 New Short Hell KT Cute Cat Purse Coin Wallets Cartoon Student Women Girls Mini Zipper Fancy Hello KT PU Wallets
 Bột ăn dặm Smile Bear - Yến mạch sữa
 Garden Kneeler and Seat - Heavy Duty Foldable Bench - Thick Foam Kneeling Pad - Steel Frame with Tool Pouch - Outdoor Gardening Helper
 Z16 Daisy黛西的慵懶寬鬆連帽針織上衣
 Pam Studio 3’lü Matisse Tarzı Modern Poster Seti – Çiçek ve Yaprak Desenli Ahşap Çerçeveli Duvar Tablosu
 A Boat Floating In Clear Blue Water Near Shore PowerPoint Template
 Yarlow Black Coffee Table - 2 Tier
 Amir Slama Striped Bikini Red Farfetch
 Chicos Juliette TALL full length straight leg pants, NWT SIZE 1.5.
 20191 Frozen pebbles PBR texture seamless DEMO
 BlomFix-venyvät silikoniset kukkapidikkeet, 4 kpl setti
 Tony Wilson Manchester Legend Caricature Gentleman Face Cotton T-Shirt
....
▸ **Exercise instructions**
All that is wanted is an exact copy of the lines from the line holding "Chicos Juliette TALL" through the end of the material above, including both.

▸ **Solution to the problem**
 Chicos Juliette TALL full length straight leg pants, NWT SIZE 1.5.
 20191 Frozen pebbles PBR texture seamless DEMO
 BlomFix-venyvät silikoniset kukkapidikkeet, 4 kpl setti
 Tony Wilson Manchester Legend Caricature Gentleman Face Cotton T-Shirt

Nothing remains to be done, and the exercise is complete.